Nothing but the lines from the one containing "Snapshot of Iceprincess2bad4u" to the final line of the entries should appear, copied exactly and without pictures.

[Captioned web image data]

◇ ◇ ◇

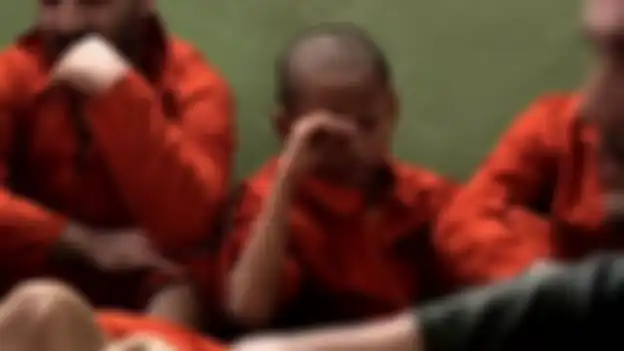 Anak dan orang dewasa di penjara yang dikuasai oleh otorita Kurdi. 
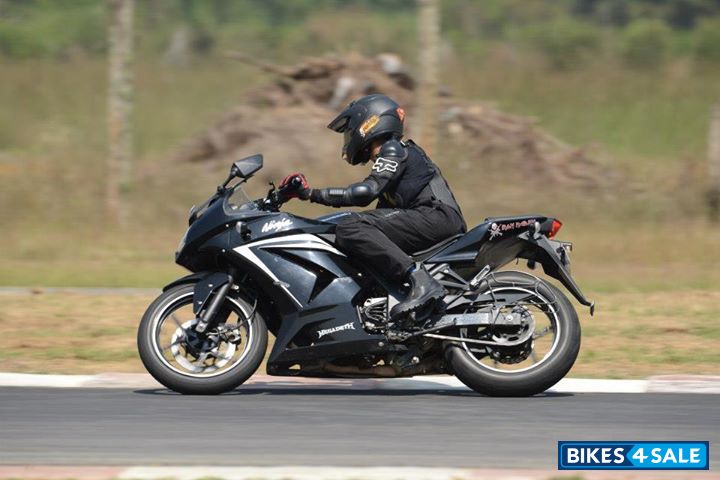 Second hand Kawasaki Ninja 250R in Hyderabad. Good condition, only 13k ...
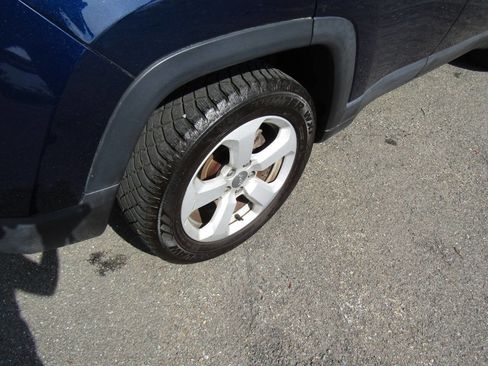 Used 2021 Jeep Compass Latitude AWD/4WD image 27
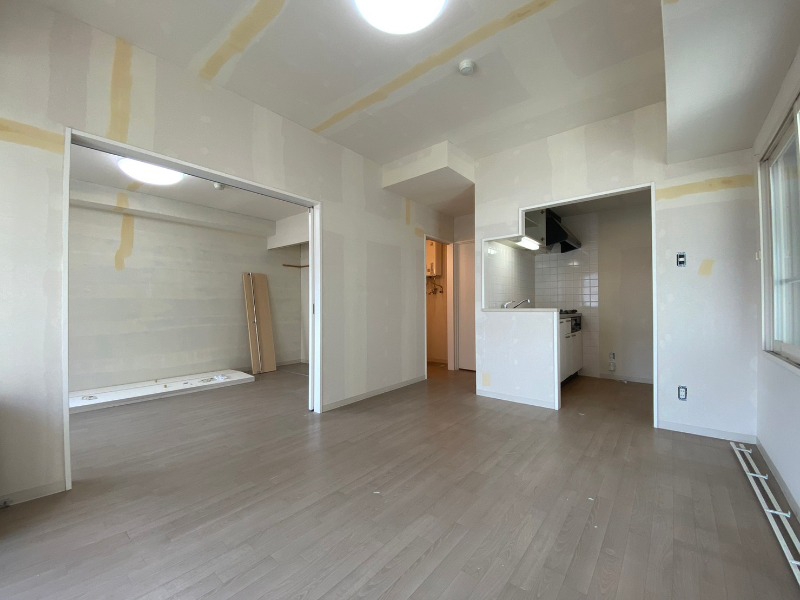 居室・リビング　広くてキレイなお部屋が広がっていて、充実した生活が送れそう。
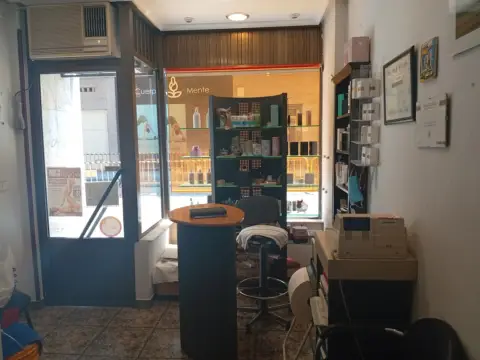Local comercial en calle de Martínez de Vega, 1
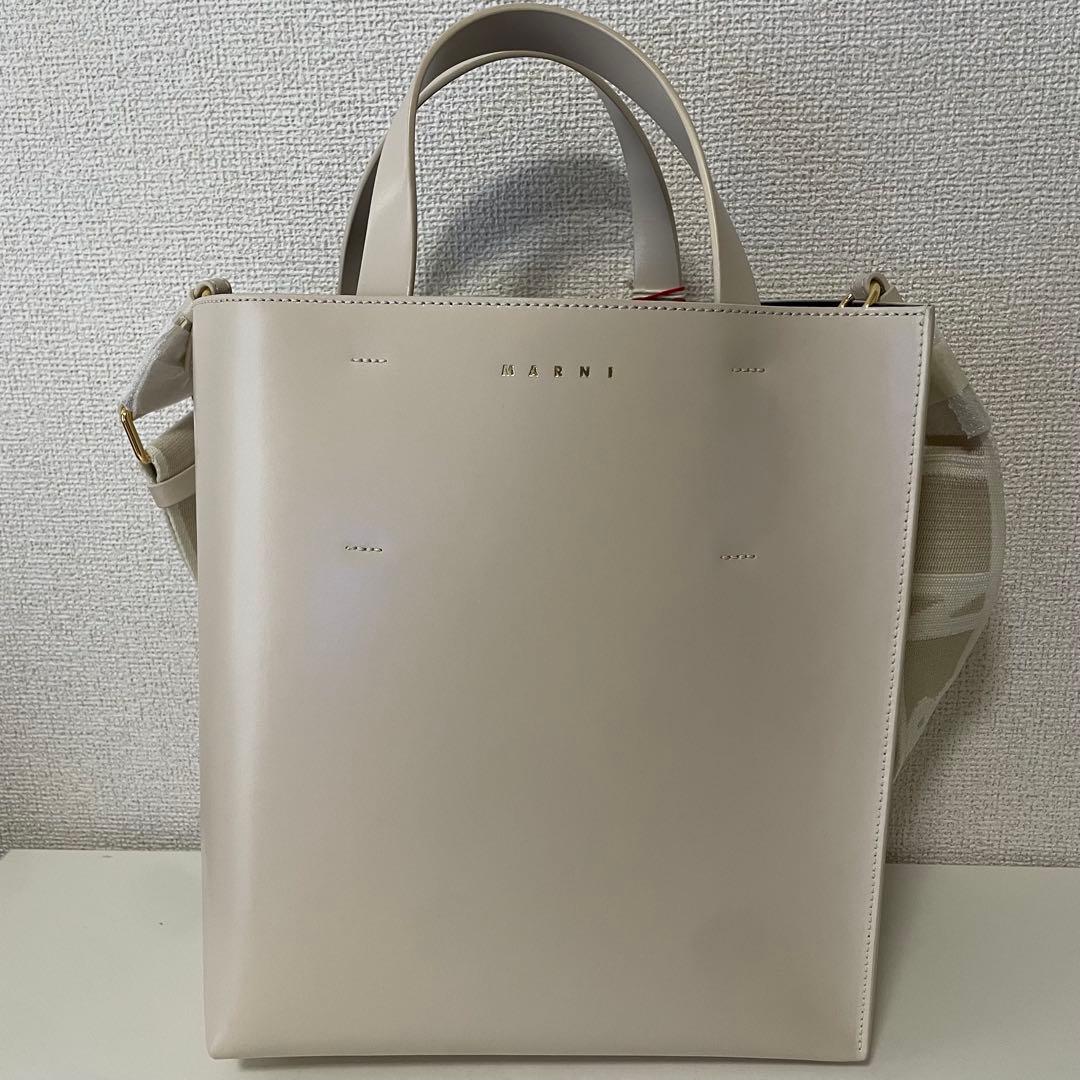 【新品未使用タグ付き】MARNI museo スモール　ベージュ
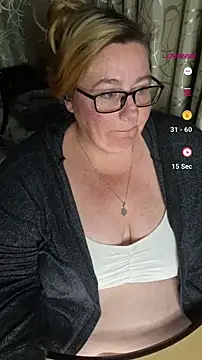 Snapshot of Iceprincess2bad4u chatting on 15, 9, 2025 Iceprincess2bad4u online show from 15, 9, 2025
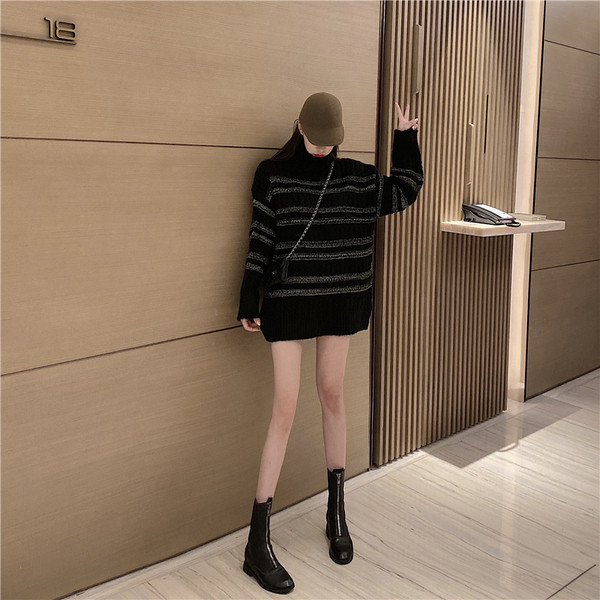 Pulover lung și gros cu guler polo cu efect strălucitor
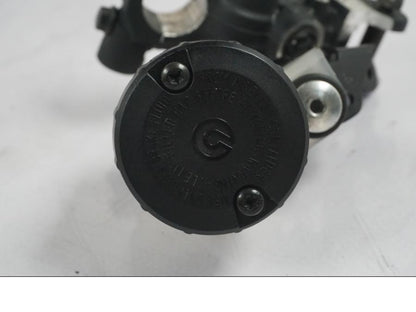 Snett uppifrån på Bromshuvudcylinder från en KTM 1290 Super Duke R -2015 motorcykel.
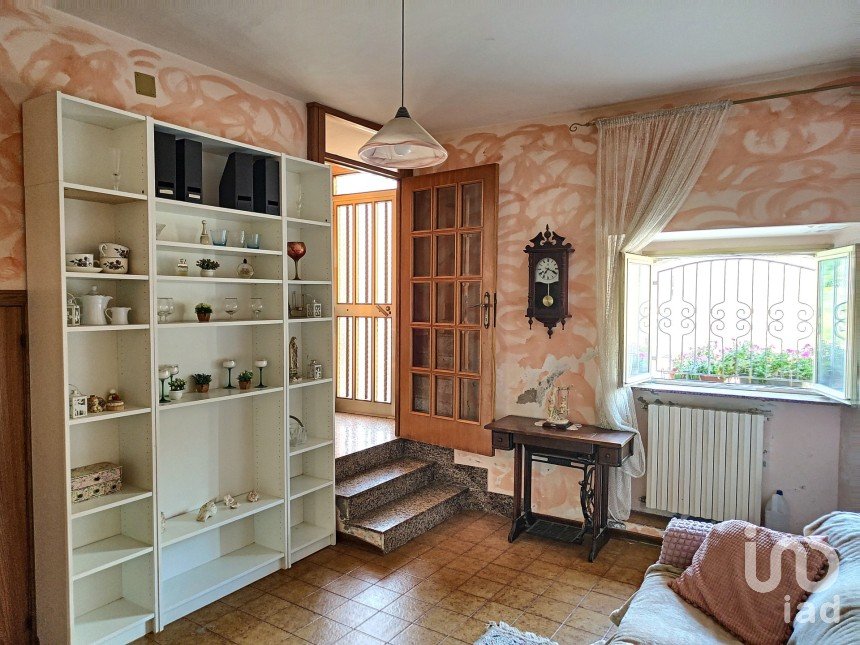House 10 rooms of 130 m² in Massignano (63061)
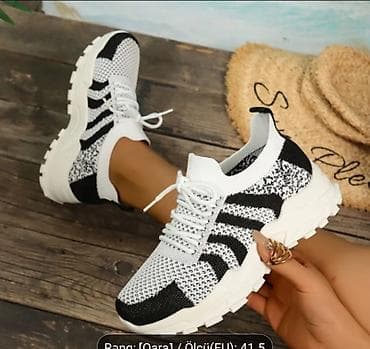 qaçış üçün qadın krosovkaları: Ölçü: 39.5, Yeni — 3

◇ ◇ ◇

## [RESPONSE TO THIS EXERCISE]
 Snapshot of Iceprincess2bad4u chatting on 15, 9, 2025 Iceprincess2bad4u online show from 15, 9, 2025
 Pulover lung și gros cu guler polo cu efect strălucitor
 Snett uppifrån på Bromshuvudcylinder från en KTM 1290 Super Duke R -2015 motorcykel.
House 10 rooms of 130 m² in Massignano (63061)
 qaçış üçün qadın krosovkaları: Ölçü: 39.5, Yeni — 3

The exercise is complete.